Here is an overview of what I am doing:
import wandb
data = [] # create fake data per epoch
for i in range(5):
data.append([[f"in1-{i}", f"out1-{i}", f"{i}"], [f"in2-{i}", f"out2-{i}", f"{i}"]])
wandb.init(project="Learn-Table", job_type="train", config={"seed": 1})
table = wandb.Table(columns=["Input", "Output", "Index"])
for i, d in enumerate(data):
[table.add_data(*x) for x in d]
wandb.log({"table": table})
wandb.finish()
However, this does not work. In the local wandb
logging folder the run/files/media/table/table_0_.....table.json
only the first row is visible. So it does not seem to re-log when data is added:
{"columns": ["Input", "Output", "Index"], "data": [["in1-0", "out1-0", "0"], ["in2-0", "out2-0", "0"]]}
Online the same table sometimes shows twice, sometimes thrice. It contains the first table.
Alternative Idea
Recreate a new table everytime. This is NOT what I want. I want one table that gets appended every epoch.
import wandb
data = [] # create fake data per epoch
for i in range(5):
data.append([[f"in1-{i}", f"out1-{i}", f"{i}"], [f"in2-{i}", f"out2-{i}", f"{i}"]])

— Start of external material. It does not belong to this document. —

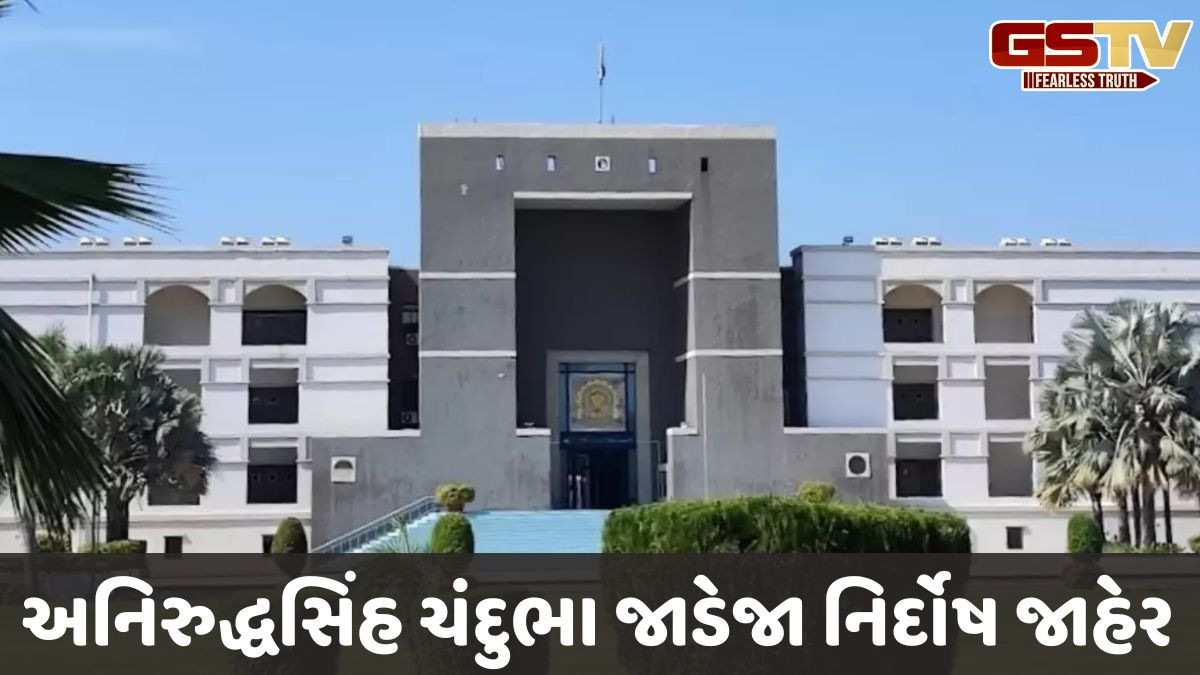 પૂર્વ આરોગ્ય મંત્રી વલ્લભ પટેલનો હત્યા કેસ, આરોપી અનિરુદ્ધસિંહ ચંદુભા જાડેજાને ગુજરાત હાઈકોર્ટે નિર્દોષ જાહેર કર્યા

wandb.init(project="Learn-Table", job_type="train", config={"seed": 1})
for i, d in enumerate(data):
table = wandb.Table(data=d, columns=["Input", "Output", "Index"])
wandb.log({"table": table})
wandb.finish()
This also doesn’t work either. Locally, I see 5 different tables now in the logs. Online I see the same table twice or thrice, again. However, this time the last entry.
Conclusion
This all seems odd. Why is the same table shown multiple times? Why are tables in local logs that are not online?
Ideally, I would like to have one table that gets appended regularly. How do I do that?